上記(1)②「退職時に一括徴収される住民税の金額」は、退職時期によって異なります。(「特別徴収引継」は除く)。

退職月原則的な取扱い具体例
1~5月残り分を一括徴収(※1)例えば、2月退職なら、2月~5月の4か月分を、退職月の給与から一括で天引きされます
6月~12月退職月までの分が天引き。翌月から普通徴収切替(※2)例えば、6月退職であれば、6月発生給与(最終支払給与)までは通常通り特別徴収。

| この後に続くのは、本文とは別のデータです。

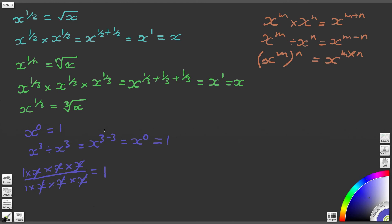Therefore x to the 0 is equal to 1. There we have our sixth and final special case that develops from the laws of indices. Hopefully you've got all of these copied down onto your worksheet and this video has been of value to you. Move on to the next set of questions and then watch the following video. Thank you very much. Goodbye.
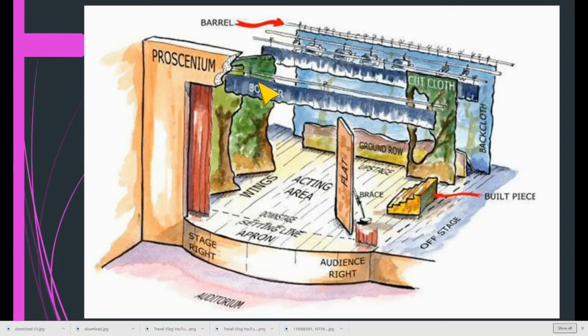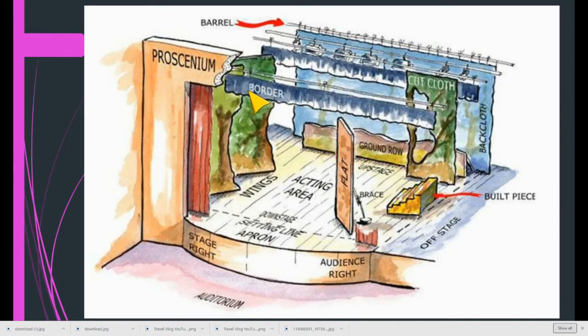Up top here, you're going to see the border curtain. We're going to take a look at another image now, which goes more in detail with the different types of curtains in the fly space.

退職月翌月以降が普通徴収となります。

(※1)退職金や給料を超える金額の場合は、普通徴収も認められる。
(※2)会社に依頼すれば、一括徴収も可能。
 

なお、住民税は「後払」ですので、一括天引きされる住民税は、あくまで、退職時~次の5月までに本来特別徴収されるはずだった「前年ないし前々年」の住民税となる点に注意しましょう。
 

(3) 退職時の資金繰りに注意

退職時期によっては、「住民税」の一括徴収により、想定外の「資金負担」が生じる可能性がある点に注意が必要です。

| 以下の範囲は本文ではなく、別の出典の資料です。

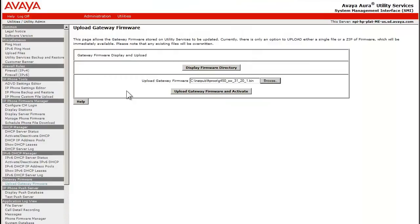I have selected the file and I am returned to the gateway dialog where I am now able to press the button labeled Upload Gateway Firmware and Activate. This has passed the file to the utility server /tftpboot directory.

例えば、2022年1月退職の場合は、1月給与で一括徴収される金額は2022年1月~2022年5月の「5か月分」となります。一括徴収されると、資金的な負担が多くなることが予想されますので、普通徴収に切り替えた方が「4分割」で払えて、資金的には楽かもしれません。

なお、退職時に天引きされなかった住民税は、「再就職先に特別徴収引継」をしない限り、「自動的に普通徴収に移行」します。この場合は、後日各自治体から納税通知書が郵送され、ご自身で納付する必要がある点にも留意しましょう。